Cruise-Missiles zu Bestsellern!

Glücksfall Golfkrieg – Über Frederick Forsyth' neuen Thriller „Die Faust Gottes“  ■ Von Karl Wegmann

Der Golfkrieg war für viele Kriegsgewinnler ein Glücksfall – ganz besonders aber für die alten und neuen Politthriller-Autoren. Denn nach der bedingungslosen und recht unspektakulären Kapitulation, die das „Reich des Bösen“ gar nicht erst angeboten, sondern gleich vollzogen hatte, hatte für ein ganzes Genre die Sauregurkenzeit begonnen. Der Kalte Krieg hatte sie Jahrzehnte hindurch alle prächtig ernährt, und dann das: nicht einmal das Ende ließ sich effektvoll ausschlachten. Es gab zwar noch ein paar leichte Nachwehen, aber niemand interessierte sich mehr groß für KGB-Spione und CIA-Agenten. Verzweifelt suchten die Thrillerschreiber ein neues Thema, wie Wespen auf ein offenes Marmeladenglas stürzten sie sich auf arabische Terroristen, internationale Waffenhändler und kolumbianische Drogenkartelle. Doch ein richtiger Hit, ein „Spion, der aus der Kälte kam“, wurde nicht geboren.

Rauchende Colts

Plötzlich, am 2. August 1990, rauchten wieder die Colts. Saddam Hussein tat dem um seine Wiederwahl bemühten George Bush und den phantasielosen Unterhaltungsschriftstellern einen Gefallen und ließ seine Armee über Kuwait herfallen. „Man braucht kein Held zu sein, Soldaten in den Krieg zu schicken“, tönte General H. Norman Schwarzkopf kurz darauf, „man muß jedoch ein Held sein, um zu denen zu gehören, die in den Krieg ziehen.“ Obwohl jeder halbwegs vernünftige Mensch widersprochen hätte, weil er weiß, daß sich nur ein Dummkopf gerne in den Krieg schicken läßt, erkannten die Genreschreiber natürlich sofort das Potential, das in diesem markigen Spruch steckte. Hinzu kamen noch ein paar flotte Prahlereien, wie die des Vorsitzenden der Vereinten Stabschefs, Colin Powell, der erklärte: „Durch die neuen Waffen ist das möglich geworden, wovon man glaubte, es sei nur mit Atomwaffen machbar.“ Das hörte sich gut, das hörte sich nach High-Tech-Thriller an. Die schicken Fernsehbilder von lasergelenkten Bomben, die punktgenau ihr Ziel treffen, von tieffliegenden Cruise-Missiles in der Abendsonne über Bagdad, taten ein übriges. Es war soweit. Die Thrillerschreiber entstaubten ihre Schreibmaschinen, denn sie hatten endlich wieder einen Job zu erledigen.

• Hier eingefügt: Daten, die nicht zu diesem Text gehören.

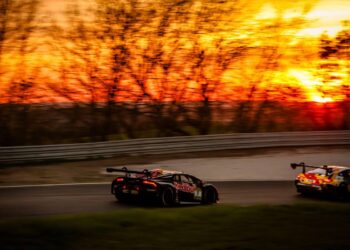 Red Bull Team ABT schließt Vorbereitung auf 24-Stunden-Rennen erfolgreich ab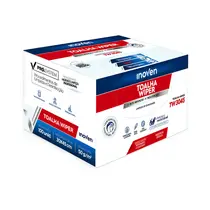 TOALHA PANO 30CMX45CM 50G WIPER 100UN 12 CX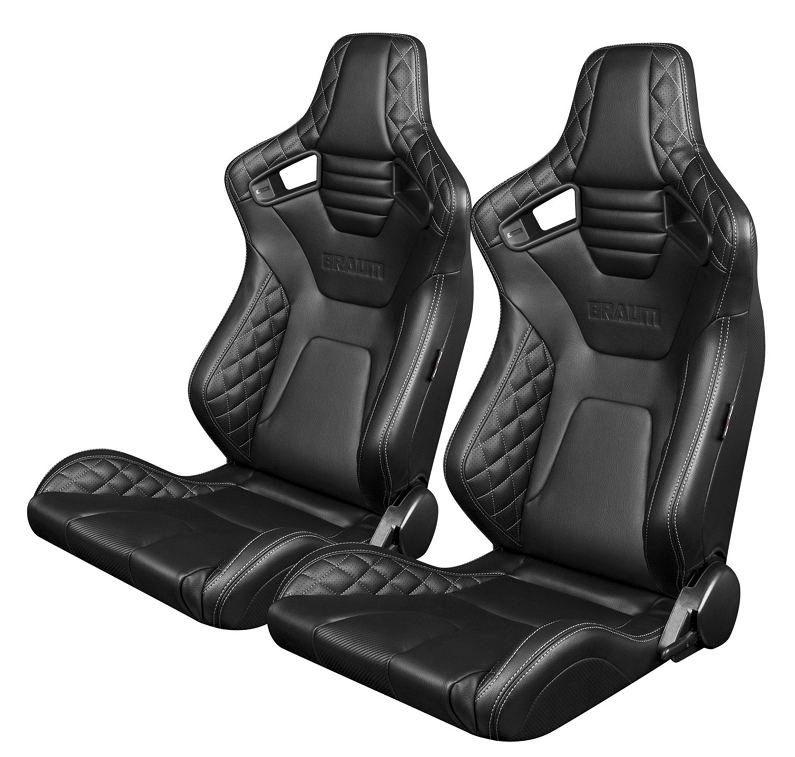 Diamond Edition - Elite X Series - Universal Braum Racing Seats (Pair)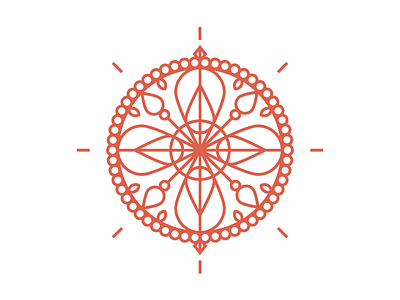 mandala mark flower henna life mandala organic pattern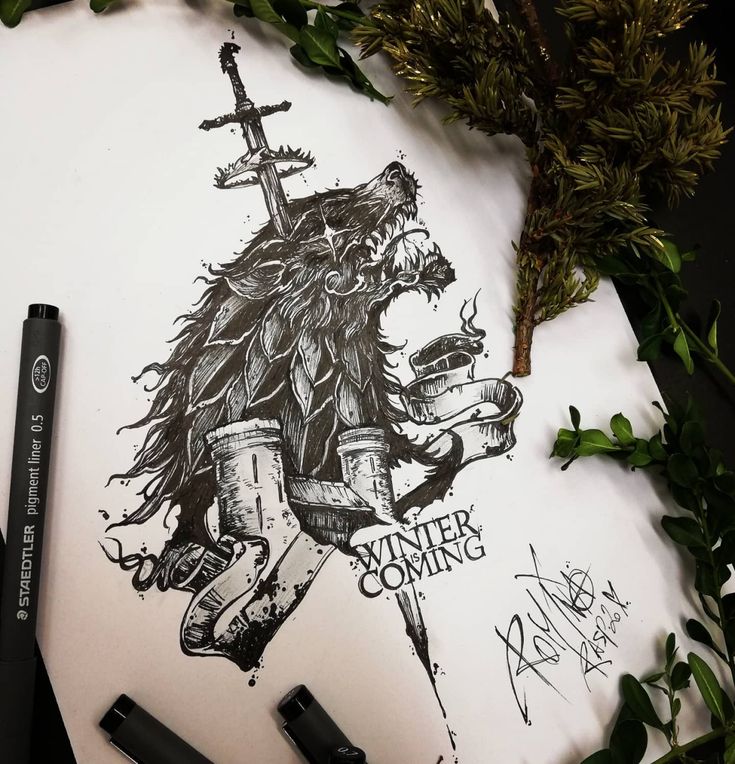 From Stark To Lannister: 24 Epic Game of Thrones Tattoo Designs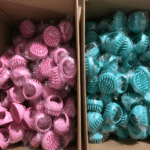 Silicone brush head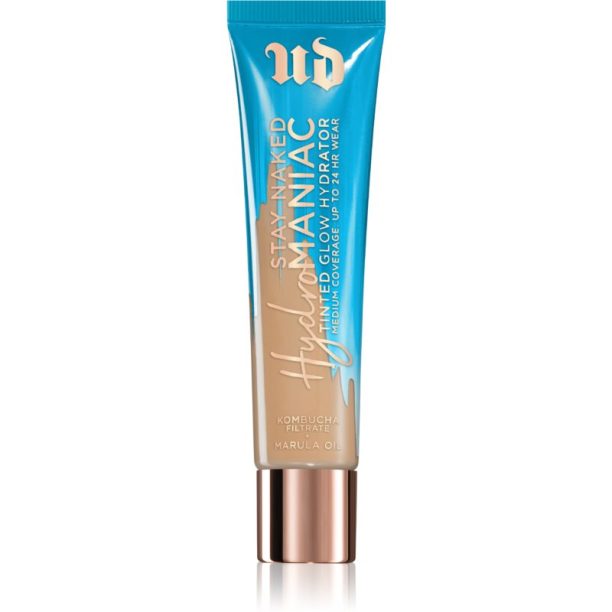 Urban Decay Hydromaniac Tinted Glow Hydrator хидратираща пяна-фон дьо тен цвят 41 35 мл.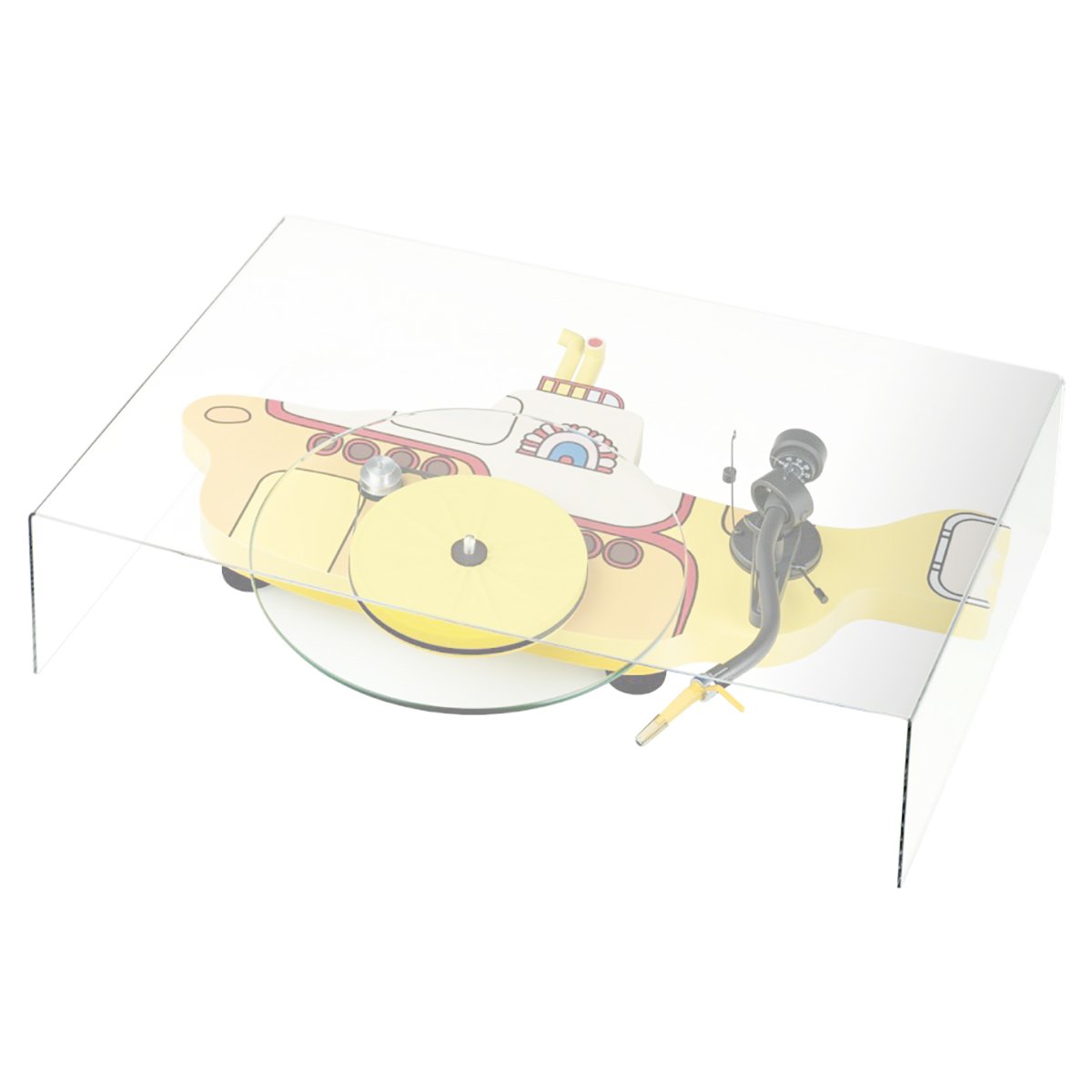 Pro-Ject: Cover It Dustcover for the Yellow Submarine Turntable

Natürlich konnten die Autoren nicht einfach den Kampf beschreiben, denn es gab ja eigentlich keinen Kampf, also auch kein persönliches „Heldentum“. Ein B-52-Geschwader, das Bombenteppiche über die Wüste legt und Tausende von halbverhungerten Irakern in ihren Sandlöchern zerfetzt – nein, da ist kein Thrill drin. Aber die Romanschreiber setzten richtig voraus, daß so minutiös durchgeplante militärische Operationen wie „Desert Shield“ und „Desert Storm“ nicht ohne jede Menge Geheimdiensttätigkeit durchgeführt werden können. Und Geheimdienst, das heißt Spione, Agenten, Verräter, Überläufer – der Rohstoff jedes Politthrillers. Hinzu kam, daß Eingeweihte wußten, daß beispielsweise eine lasergesteuerte Bombe einen Markierungspunkt am Boden braucht, und der muß von einem Menschen gesetzt werden. Also ein Soldat mitten im Feindesland. Wunderbar. Ein weiterer, nicht unerheblicher Faktor, den die Autoren zu berücksichtigen hatten, war der, daß schon kurz nach dem Golfkrieg bekannt wurde, daß die Weltöffentlichkeit einer gigantischen Desinformationskampagne auf den Leim gegangen war. Der „Fernsehkrieg“ war reine Fiktion, Schwarzkopf der Oberkommandierende der taktischen Lügen, und auch die Berichte aus Bagdad von CNN-Star Peter Arnett waren durch die irakische Zensur entstellt. Die Weltöffentlichkeit war sauer. Journalisten und Sachbuchautoren wühlten und kramten, um sie zu besänftigen und um eine schnelle Mark zu machen. Als alles geschrieben war, waren die Märchenerzähler dran.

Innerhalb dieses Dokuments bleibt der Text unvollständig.